> **Record set**:
>>>

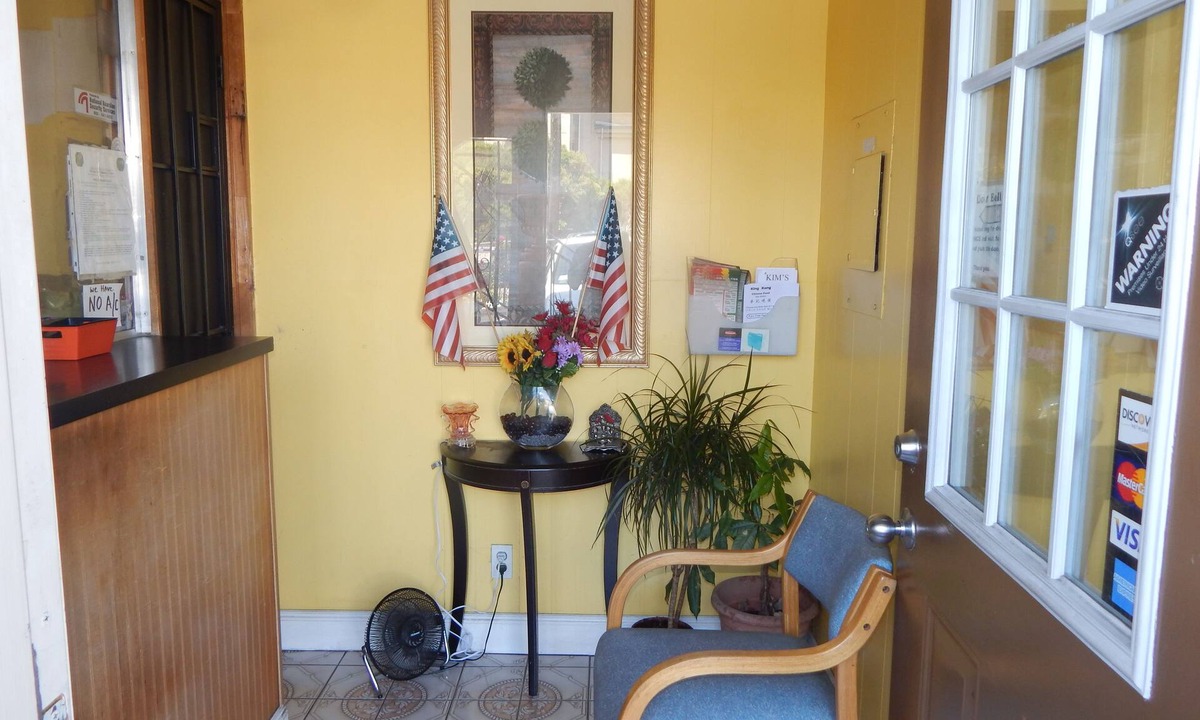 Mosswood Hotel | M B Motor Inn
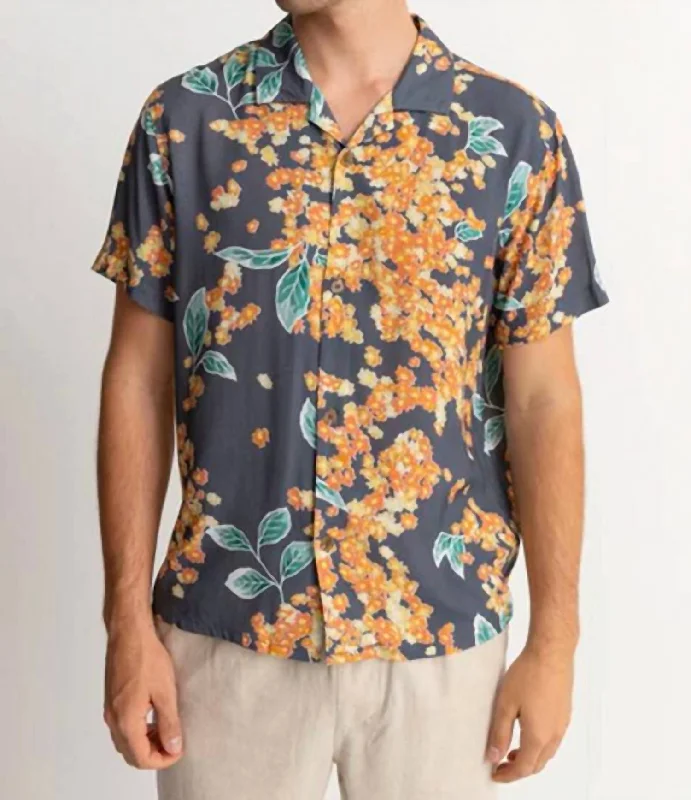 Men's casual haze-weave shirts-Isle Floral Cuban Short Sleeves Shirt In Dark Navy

<<<
>>>

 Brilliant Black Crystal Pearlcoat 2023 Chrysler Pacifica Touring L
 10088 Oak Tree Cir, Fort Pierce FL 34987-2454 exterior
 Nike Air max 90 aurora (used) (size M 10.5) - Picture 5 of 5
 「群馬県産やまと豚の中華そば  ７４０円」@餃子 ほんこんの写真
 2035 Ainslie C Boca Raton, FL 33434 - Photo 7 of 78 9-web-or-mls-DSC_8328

<<<
>>>

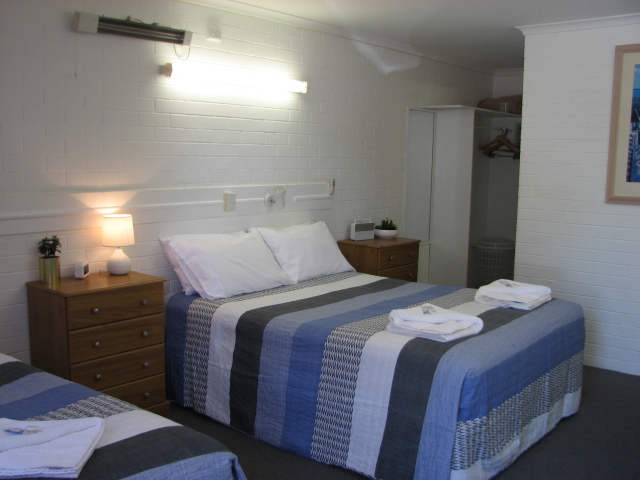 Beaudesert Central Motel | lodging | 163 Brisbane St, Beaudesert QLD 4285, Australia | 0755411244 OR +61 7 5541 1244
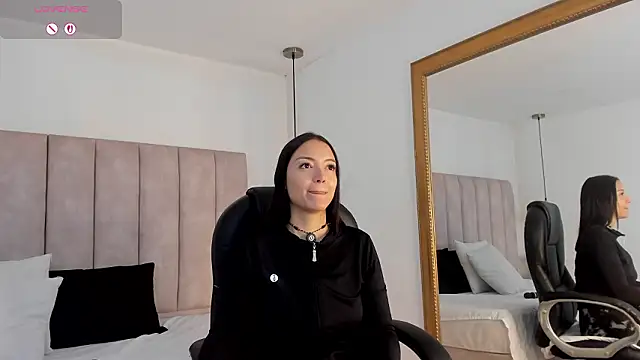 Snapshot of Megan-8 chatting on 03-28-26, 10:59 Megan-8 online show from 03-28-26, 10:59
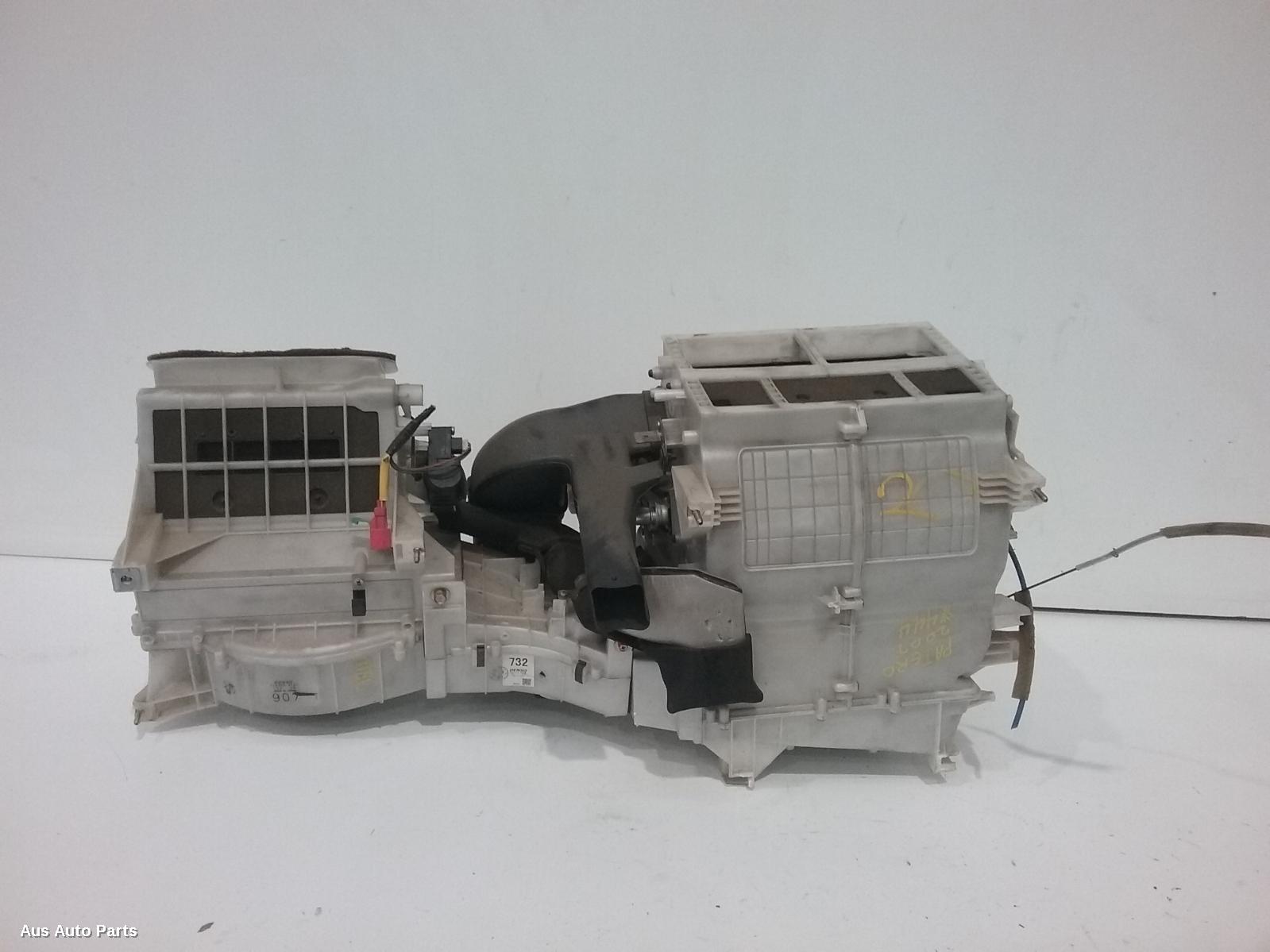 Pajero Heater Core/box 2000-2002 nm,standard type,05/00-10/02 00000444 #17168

<<<

> **Assigned task**:
Return the lines above from the one with "Mosswood Hotel | M B Motor Inn" through the one with "Men's casual haze-weave", verbatim and nothing else. Omit every picture.

> **Response to this exercise**:
 Mosswood Hotel | M B Motor Inn
 Men's casual haze-weave shirts-Isle Floral Cuban Short Sleeves Shirt In Dark Navy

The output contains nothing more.